La nuova ottava si apre poco mossa per le borse europee, che scontano anche la chiusura di Wall Street per la festività del Juneteenth.

Il future sul Dax scambia poco sopra la parità a quota 13.160 punti.

Questa settimana sarà priva di eventi macro di rilievo, anche se ci sarà da prestare attenzione alle parole dei banchieri centrali, con Christine Lagarde attesa oggi al parlamento europeo, mentre Jerome Powell mercoledì parlerà davanti al congresso Usa.

A causa delle strette monetarie delle Banche centrali e ai timori di una stagnazione dell’economia, nella scorsa settimana abbiamo assistito a pesanti vendite sugli indici azionari, con ribassi dell’ordine del -5%.

Sul mercato tedesco le vendite si sono arrestate a quota 13.000 punti, con il mercato che è riuscito a difendere in chiusura settimanale tale livello; la sessione di venerdì è terminata a quota 13.096 punti (contratto future).

Nonostante la struttura  tecnica di fondo rimanga chiaramente debole, dopo il rollover sul nuovo contratto future settembre di venerdì scorso potremmo ora osservare la classica inversione post scadenza tecnica, che unita alla forte condizione di ipervenduto potrebbe alimentare un recupero nelle prossime sessioni.

Tuttavia lato tecnico c’è da registrare l’importante rottura di quota 13.300 punti, livello che aveva contenuto le vendite ad inizio maggio scorso e che è stato i9nvece venduto nella giornata di giovedì scorso; per tale ragione se dovessimo assistere ad un pullback in area 13.300-13.400 punti nelle prossime sessioni riteniamo che sussisterebbero le condizioni per operare lato short con ordini sell-limit; un’altra importante resistenza tecnica è posizionata a quota 13.800 punti.

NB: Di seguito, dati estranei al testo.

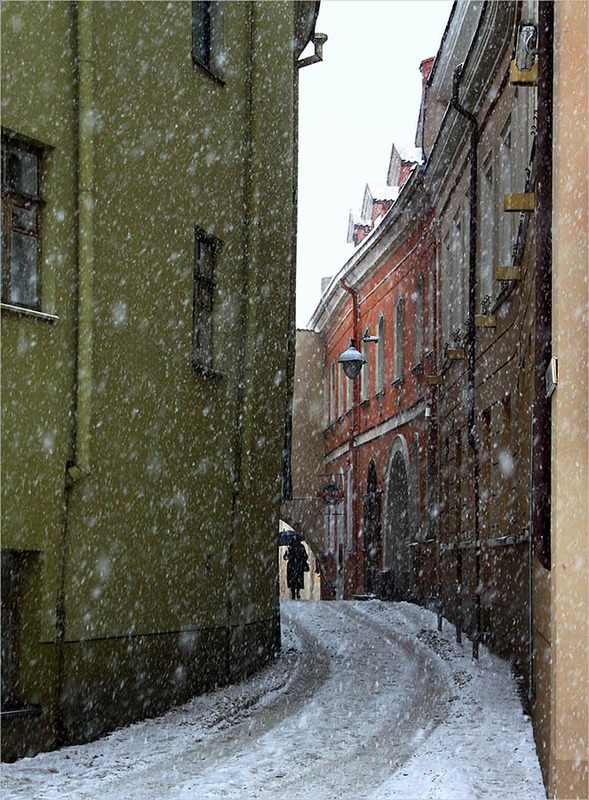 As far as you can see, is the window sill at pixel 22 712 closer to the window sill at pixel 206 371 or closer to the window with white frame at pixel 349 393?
the window sill at pixel 206 371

Monitoreremo anche la volatilità implicita Vstoxx poiché in caso di nuova salita sopra quota 32 punti aumenterebbero le probabilità di assistere ad un nuovo affondo verso i precedenti minimi annuali.

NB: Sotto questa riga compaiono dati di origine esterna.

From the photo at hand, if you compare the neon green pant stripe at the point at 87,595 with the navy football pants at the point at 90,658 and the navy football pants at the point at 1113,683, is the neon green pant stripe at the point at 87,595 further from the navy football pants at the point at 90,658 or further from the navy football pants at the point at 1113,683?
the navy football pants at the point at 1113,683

Non ci aspettiamo quindi  di assistere a rialzi consistenti nel breve e ad un ritorno del mercato toro, poiché un nuovo segnale lato long arriverebbe solo in caso di breakout al rialzo di area 14.600 punti.

Qualora dovessimo assistere a chiusure giornaliere sotto area 12.500 punti sarà lecito attendersi un retest dei livelli di Ottobre 2020.

Vediamo di seguito una serie di operazioni aperte venerdì da uno dei nostri trading system sul future Dax.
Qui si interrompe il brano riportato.